The Chancellor has targeted 2.5% growth and to support this has announced the creation of investment zones, offering substantial tax breaks for businesses
The government will work with the devolved administrations and local partners to introduce investment zones across the UK. These areas are designed to drive growth and encourage investment in housing.
Areas with investment zones will benefit from tax incentives, planning liberalisation, and wider support for the local economy.
Specified sites in England will benefit from a range of time-limited tax incentives over 10 years.
The tax incentives under consideration are:
• business rates – 100% relief from business rates on newly occupied business premises, and certain existing businesses where they expand in English investment zone tax sites.
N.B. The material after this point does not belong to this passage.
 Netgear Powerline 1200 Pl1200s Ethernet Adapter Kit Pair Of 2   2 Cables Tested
Councils hosting Investment Zones will receive 100% of the business rates growth in designated sites above an agreed baseline for 25 years;
• enhanced capital allowance – 100% first year allowance for companies’ qualifying expenditure on plant and machinery assets for use in tax sites; and
• enhanced structures and buildings allowance – accelerated relief to allow businesses to reduce their taxable profits by 20% of the cost of qualifying non-residential investment per year, relieving 100% of their cost of investment over five years;
• employer National Insurance contributions relief – zero-rate employer NICs on salaries of any new employee working in the tax site for at least 60% of their time, on earnings up to £50,270 per year, with employer NICs being charged at the usual rate above this level; and
• stamp duty land tax – a full SDLT relief for land and buildings bought for use or development for commercial purposes, and for purchases of land or buildings for new residential development.
Nimesh Shah, CEO at Blick Rothenberg said: ‘The government wanted to ‘turbo charge’ its levelling-up agenda through the creation of tax advantaged investment zones around the country – 100% business rates relief, full stamp duty relief, zero employer’s National Insurance for a worker earning up to the basic rate and uncapped first year capital allowances and enhanced buildings allowance relief. The evidence of success of such enterprise zones will only be known when they eventually come live (if they do at all).’
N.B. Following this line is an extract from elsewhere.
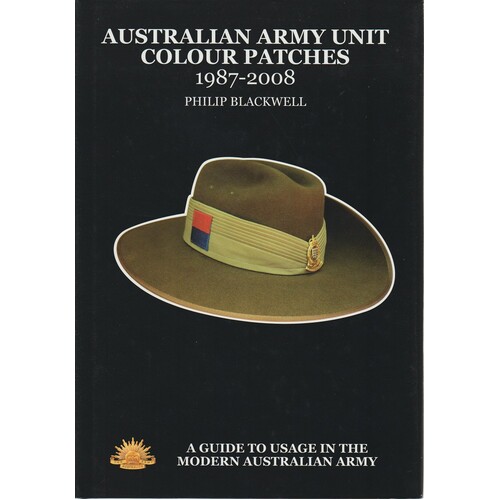 Australian Army Unit Colour Patches 1987 - 2008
Matthew Hodkin, tax partner at Norton Rose Fulbright, said: ‘The creation of new investment zones has the potential to generate investment in those areas in a similar way to the enterprise zones of the 1980s.
‘While the value of accelerated tax depreciation for start-up businesses can be questionable if the business is not yet profit-making, exemptions from employers’ National Insurance contributions and business rates will have real cash value.’
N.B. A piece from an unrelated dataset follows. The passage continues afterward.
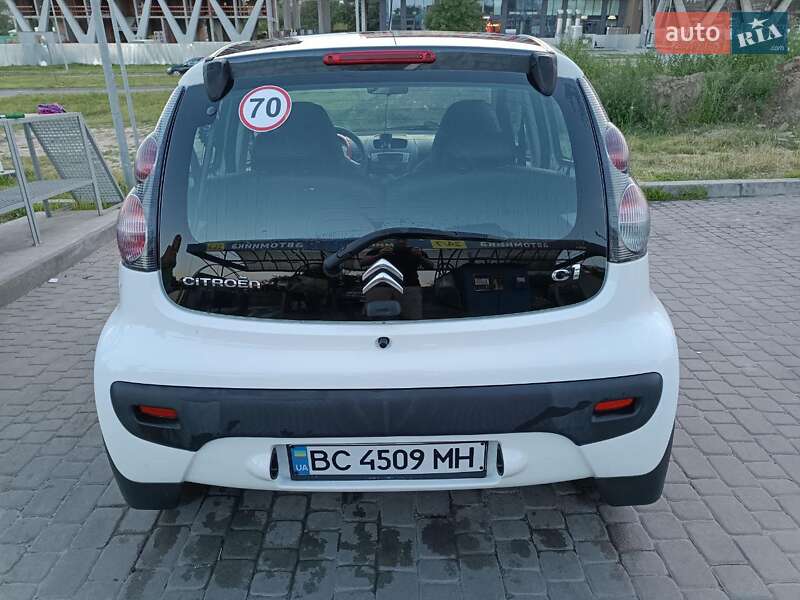 Хэтчбек Citroen C1 2013 в Львове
The government is in early discussions with 38 local authorities who have already expressed an initial interest in having a clearly designated, specific site within their area.
The scheme will also be available in Scotland, Wales and Northern Ireland, and plans to work in partnership with the devolved administrations and local partners to achieve this.
The freeport scheme will not be affected by the development of investment zones, the government said.